A questo punto del romanzo, insomma, il sorriso « pungente, ironico, fiore d'intelligenza e sapienza» dell'Ignoto di Antonello, gli si rivela anche « fiore di distacco, lontananza, aristocrazia» e privilegio; esso anzi gli appare «greve, sardonico, maligno» e somigliante addirittura a quello di certi vescovi e ministri borbonici e poliziotti dell'isola.
E' il risvolto, insomma, del motivo della «lumaca», nel senso che quell'intelligenza autosufficiente diventa il risvolto di una scienza tanto «disinteressata» da configurarsi ormai soltanto come una inutile «pazzia»; quel superiore sorriso sembra perfino incapace di giudicare l'«imbecillità» delle forze sociali e politiche più retrive della sua classe, mentre deve prendere coscienza del profondo distacco che lo separa da una classe e realtà nuova, antagonista e protagonista futura (l'Interdonato stesso, che di quell'intelligenza è una delle punte più acuminate, non può fare molto di più che assolvere i rappresentanti del mondo subalterno, restando pur sempre dall'altra parte).

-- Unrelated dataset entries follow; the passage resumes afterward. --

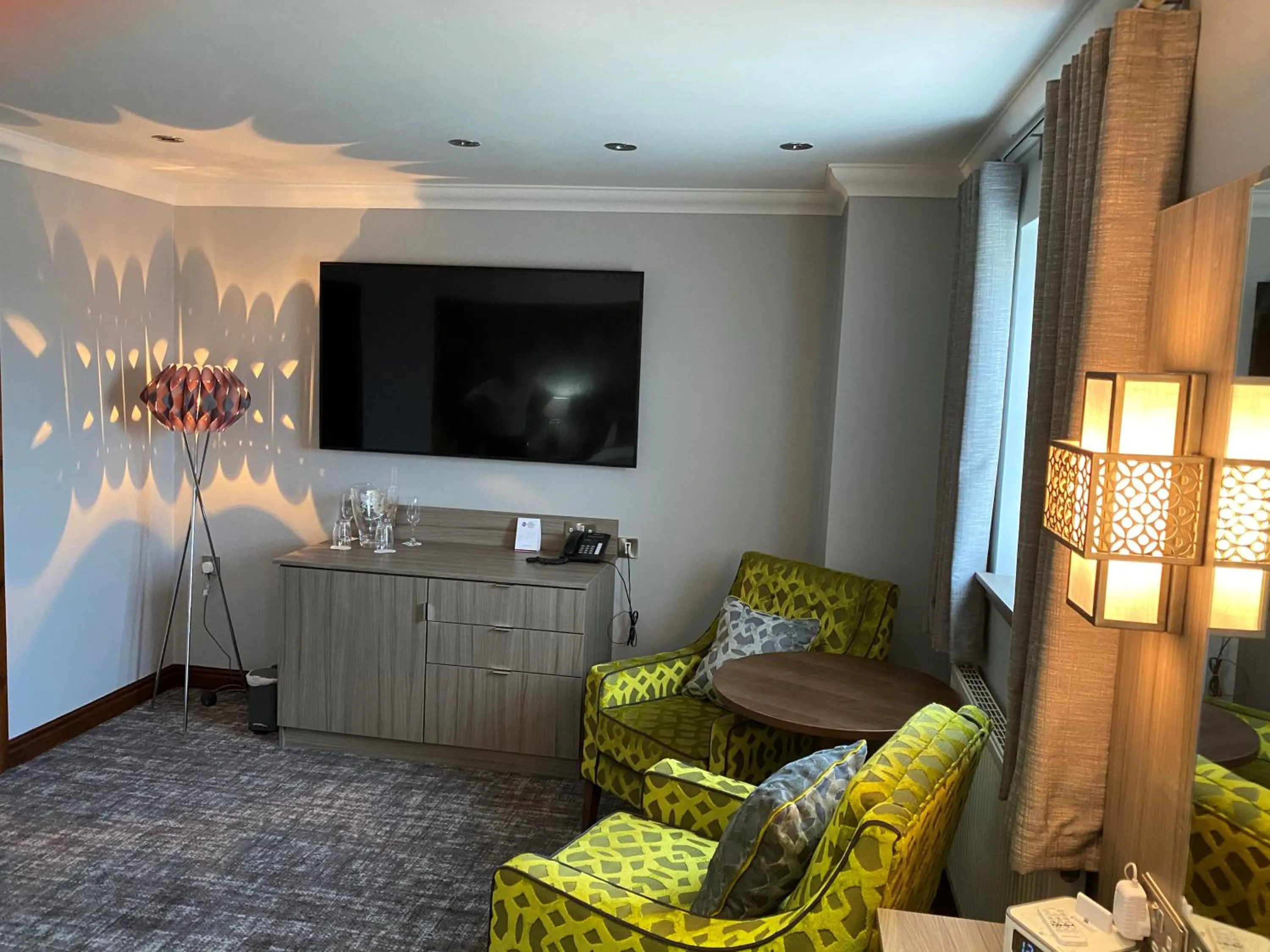 Best Western Plus Pastures Hotel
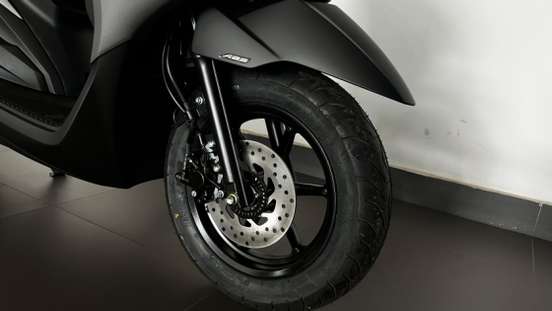 YAMAHA-FLUO 125 HYBRID CONNECTED ABS-2026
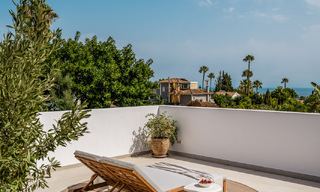 Lujosa villa renovada con vistas al mar en venta en la Milla de Oro de Marbella 786915 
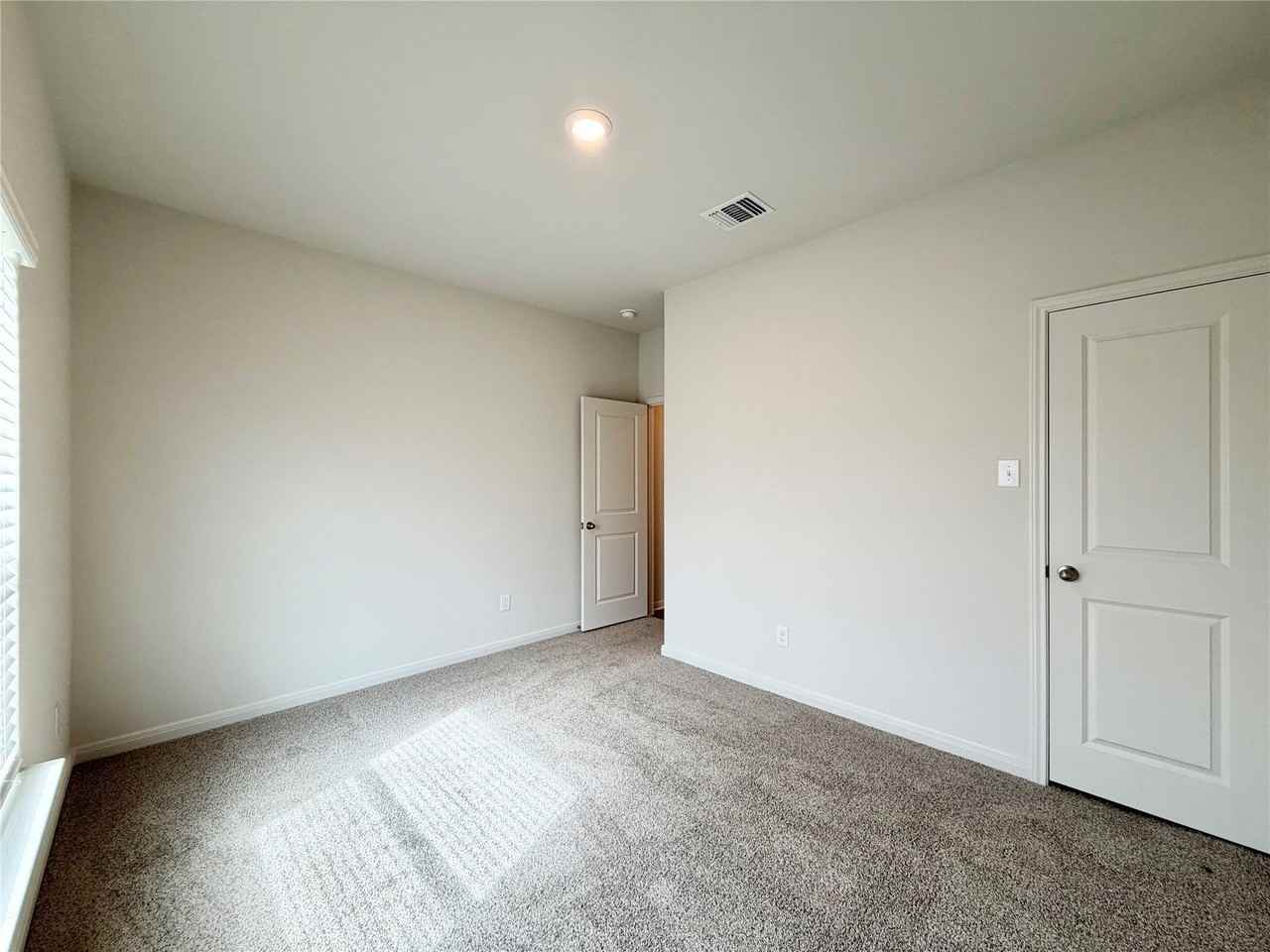 13404 Gitty Up Cir - Photo 5 of 38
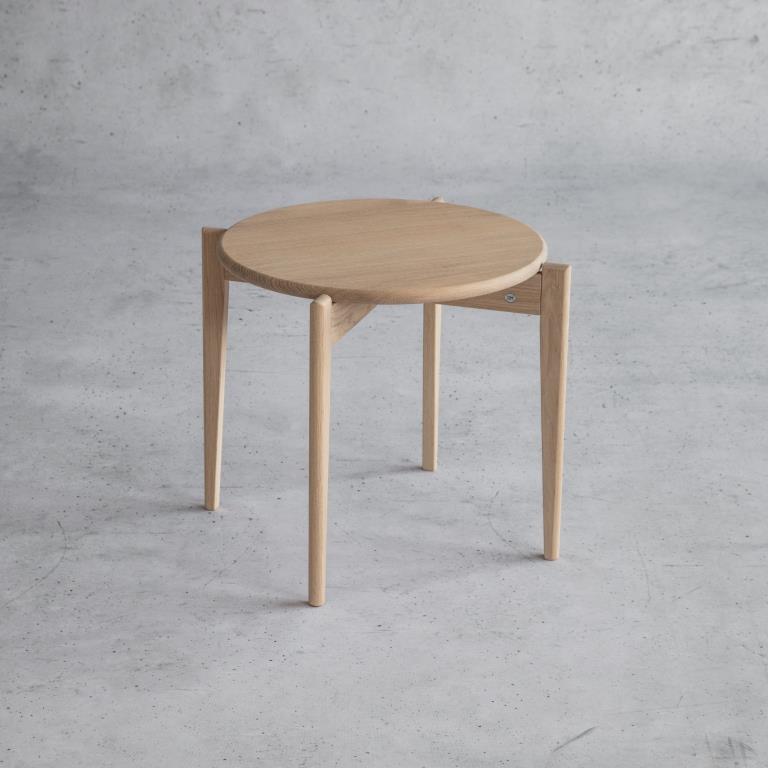 Swish, Rundt sofabord i massiv eg, og fem forskellige finish. Ø 51 x, produktbillede 2 af 24, Nordisk design hos HomeNordic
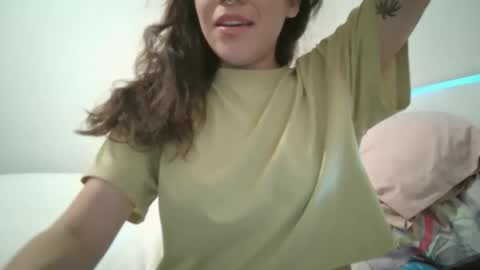 bbbaby03 online show from October 2025 12:00:01 AM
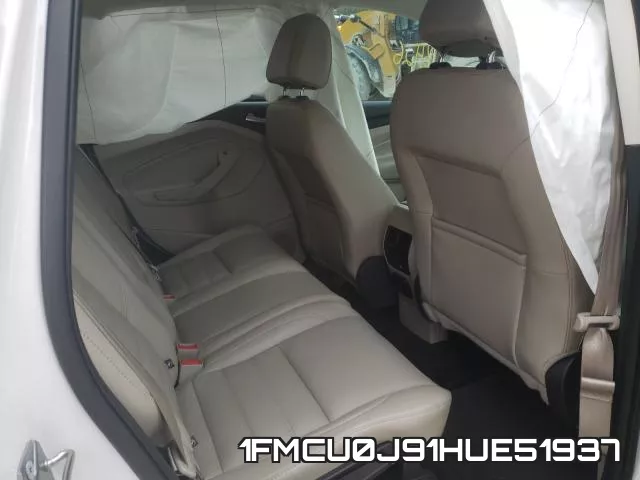 1FMCU0J91HUE51937_6.webp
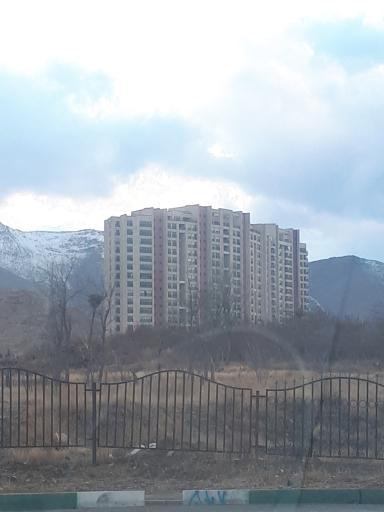 عکس مجتمع مسکونی بهاران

A questo livello, in sostanza, il rapporto intelligenza-follia, ragione-bestialità, più ancora che far esplodere la sua conflittualità (un momento emblematico, questo, della letteratura borghese di crisi), rivela un suo carattere intrinsecamente precario e in qualche modo illusorio, apparente. Il discorso si sposta cioè da un soggetto tradizionale di storia ad un soggetto nuovo, dalla ragione individualistico-borghese ad una ragione collettiva nascente sul terreno di problemi e bisogni reali. E' questo il momento di consapevolezza critica più acuta che Consolo porta all'interno di quella eredità culturale.
Ecco perciò che l'emblematico sorriso dell'Ignoto smuore alla fine del romanzo, e smuore anche il sorriso dello scrittore sulla stessa pagina, su quelle povere scritte sgrammaticate e dialettali, cui l'«alletterato» Consolo-Mandralisca ricorre come a una scelta autocritica interna alla propria stessa scrittura privilegiata.
Il vero simbolo conclusivo è quello della «chiocciola»: immagine di «geometrica» perfezione e di «capricciosa fantasia», ma anche forma concreta di un carcere spietato, «chiara la bocca e scuro il fondo chiuso», «enigma soluto» per costruttori e carcerieri, «bujo e putridume» per i carcerati (i contadini ribelli che vi sono rinchiusi): un buio tuttavia in cui il Consolo-Mandralisca si avventura ansioso e deciso, per «conoscere com'è la storia che vorticando dal profondo viene; immaginare anche quella che si farà nell'avvenire».